EXERCISE DATA section start
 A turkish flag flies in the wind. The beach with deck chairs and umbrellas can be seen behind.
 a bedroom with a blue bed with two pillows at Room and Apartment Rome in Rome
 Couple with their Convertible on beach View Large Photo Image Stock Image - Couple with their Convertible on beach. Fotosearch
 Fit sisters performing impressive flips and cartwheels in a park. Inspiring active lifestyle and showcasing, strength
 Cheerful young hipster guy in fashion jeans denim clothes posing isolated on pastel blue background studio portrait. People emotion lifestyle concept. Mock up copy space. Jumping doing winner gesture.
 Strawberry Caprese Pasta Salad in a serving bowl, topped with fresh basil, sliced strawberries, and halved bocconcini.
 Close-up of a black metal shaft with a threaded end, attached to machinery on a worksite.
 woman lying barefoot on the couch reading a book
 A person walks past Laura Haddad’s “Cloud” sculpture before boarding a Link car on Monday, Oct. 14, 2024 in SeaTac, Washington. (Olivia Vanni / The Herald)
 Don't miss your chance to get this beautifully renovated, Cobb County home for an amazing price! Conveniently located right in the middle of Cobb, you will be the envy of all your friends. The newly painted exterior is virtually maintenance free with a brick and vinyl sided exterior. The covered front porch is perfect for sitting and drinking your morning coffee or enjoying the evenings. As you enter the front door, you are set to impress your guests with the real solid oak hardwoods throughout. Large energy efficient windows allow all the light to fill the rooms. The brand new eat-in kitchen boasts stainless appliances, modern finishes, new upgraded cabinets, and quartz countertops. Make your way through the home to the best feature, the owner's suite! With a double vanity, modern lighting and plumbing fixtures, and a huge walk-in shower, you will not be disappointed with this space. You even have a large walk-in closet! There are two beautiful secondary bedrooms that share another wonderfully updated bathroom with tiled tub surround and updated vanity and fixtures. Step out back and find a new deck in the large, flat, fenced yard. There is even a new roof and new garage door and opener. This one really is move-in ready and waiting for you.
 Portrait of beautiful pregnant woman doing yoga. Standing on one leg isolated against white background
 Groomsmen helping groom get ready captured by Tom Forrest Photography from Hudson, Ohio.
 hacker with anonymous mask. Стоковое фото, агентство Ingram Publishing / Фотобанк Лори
EXERCISE DATA section end
In the data above, find the line that contains "Strawberry Caprese Pasta" and the line that contains "woman lying barefoot". Repeat exactly those lines and every line between them, and only those.

 Strawberry Caprese Pasta Salad in a serving bowl, topped with fresh basil, sliced strawberries, and halved bocconcini.
 Close-up of a black metal shaft with a threaded end, attached to machinery on a worksite.
 woman lying barefoot on the couch reading a book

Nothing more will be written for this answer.